Also in connection with the Merger, five members of NFC’s executive management team have entered into new employment agreements, dated September 6, 2005, with NPB and its banking subsidiary, which agreements will only become effective upon the effective time of the Merger. Under these new employment agreements, each of the five individuals will be entitled to an increase in base salary over his or her base salary currently in effect, as well as participation generally in NPB’s bonus and other benefit plans and programs.
The foregoing description of the Agreement and the related letter agreements does not purport to be complete and is qualified in its entirety by reference to the Agreement and the form of letter agreement, which are filed herein as Exhibits 2.1 and 10.1, respectively, and incorporated herein by reference.
The Merger is expected to be non-dilutive to NPB’s earnings per share by the end of the first year of combined operations, and accretive to NPB’s earnings in the second year.
Cautionary Statement Regarding Forward-Looking Information
This Form 8-K contains forward-looking information about NPB and the combined operations of NPB and NFC after the completion of the transactions described in the release that are intended to be covered by the safe harbor for forward-looking statements provided by the Private Securities Litigation Reform Act of 1995. Forward-looking statements are statements that are not historical facts. These statements can be identified by the use of forward-looking terminology such as "believe," "expect," "may," "will," "should,'' "project," "plan,'' "seek," "intend,'' or "anticipate'' or the negative thereof or comparable terminology, and include discussions of strategy, financial projections and estimates and their underlying assumptions, statements regarding plans, objectives, expectations or consequences of the transactions, and statements about the future performance, operations, products and services of the companies and their subsidiaries.

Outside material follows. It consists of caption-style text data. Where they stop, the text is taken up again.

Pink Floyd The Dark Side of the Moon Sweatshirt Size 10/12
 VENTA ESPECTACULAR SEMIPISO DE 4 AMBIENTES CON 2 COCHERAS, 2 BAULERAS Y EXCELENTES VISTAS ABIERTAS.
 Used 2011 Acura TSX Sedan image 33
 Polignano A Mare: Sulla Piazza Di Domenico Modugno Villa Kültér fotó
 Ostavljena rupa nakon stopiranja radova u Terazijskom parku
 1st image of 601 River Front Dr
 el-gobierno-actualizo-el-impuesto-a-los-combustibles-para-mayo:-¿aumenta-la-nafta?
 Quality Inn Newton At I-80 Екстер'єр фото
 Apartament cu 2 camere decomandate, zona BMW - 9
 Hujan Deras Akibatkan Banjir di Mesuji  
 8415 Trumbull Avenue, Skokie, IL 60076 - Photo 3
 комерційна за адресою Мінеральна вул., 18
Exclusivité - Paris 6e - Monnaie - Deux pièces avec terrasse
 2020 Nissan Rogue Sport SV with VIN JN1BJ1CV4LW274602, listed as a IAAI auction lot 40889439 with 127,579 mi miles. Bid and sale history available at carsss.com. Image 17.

NPB’s businesses and operations, as well as the combined business and operations of NPB and NFC following the completion of the transactions described in the release, are and will be subject to a variety of risks, uncertainties and other factors. Consequently, their actual results and experience may materially differ from those contained in any forward-lookingstatements. Such risks, uncertainties and other factors that could cause actual results and experience to differ from those projected include, but are not limited to, the following:
· | Revenues following the Merger may be lower than expected, or deposit attrition, operating costs, customer losses or business disruption following the Merger may be greater than expected. |
· | Expected costs savings from the Merger, including reductions in interest and non-interest expense, may not be fully realized or realized within the expected time-frame. |
· | Commercial loans growth following the Merger may be lower than expected. |
· | Competitive pressures among banking and non-banking organizations may increase significantly. |
· | Costs, difficulties or delays related to the integration of the businesses or systems of NPB and NFC may be greater or longer than expected. |
· | Changes in the interest rate environment may reduce interest margins. |
· | General economic or business conditions, either nationally or in the region in which the combined company will be doing business, may be less favorable than expected, resulting in, among other things, a deterioration in credit quality or a reduced demand for credit. |
· | Legislation or regulatory changes, including, without limitation,changes in laws and regulations on competition, industry consolidation and development of competing financial products and services, may adversely affect the businesses in which the combined company would be engaged. |
· | Changes and volatility may occur in the securities markets. |
· | Changes in current or future market conditions may render the combined company’s business strategy ineffective. |
· | The combined company may fail to achieve Merger-related synergies, as well as experience technology and integration issues and potential difficulties in establishing and maintaining operations in new markets. |
The foregoing review of important factors should be read in conjunction with the other cautionary statements that are included in NPB’sAnnual Report on Form 10-Kfor thefiscalyearended December 31, 2004, as well as in the materials tobefiled with theSecurities and Exchange Commission. See “Additional Information” below. NPBmakes no commitment to revise or update any forward-looking statements in order to reflect events or circumstances occurring or existing after the date any forward-looking statement is made. NPB cautions readers not to place undue reliance on these statements.
Additional Information
NPB intends to file a registration statement on Form S-4 in connection with the transaction, and NFC intends to mail a proxy statement/prospectus to its shareholders in connection with the transaction. Investors and security holders of NFC are urged to read the proxy statement/prospectus when it becomes available, because it will contain important information about NPB, NFC, and the transaction. Investors and security holders may obtain a free copy of the proxy statement/prospectus (when it is available) at the SEC's web site at www.sec.gov. A free copy of the proxy statement/prospectus may also be obtained from NPB or NFC. You may direct such a request to either of the following persons:
Sandra L. Spayd | David Z. Richards Jr. |
Corporate Secretary | President and CEO |
National Penn Bancshares, Inc. | Nittany Financial Corporation |
Philadelphia and Reading Avenues | 116 East College Ave |
Boyertown, PA 19512 | State College, PA 16801 |
(610) 369-6202 | (814) 238-5724 |
NPB, NFC and their respective executive officers and directors may be deemed to be participants in the solicitation of proxies from the shareholders of NFC in favor of the transaction. Information regarding the interests of these officers and directors in the transaction will be included in the proxy statement/prospectus.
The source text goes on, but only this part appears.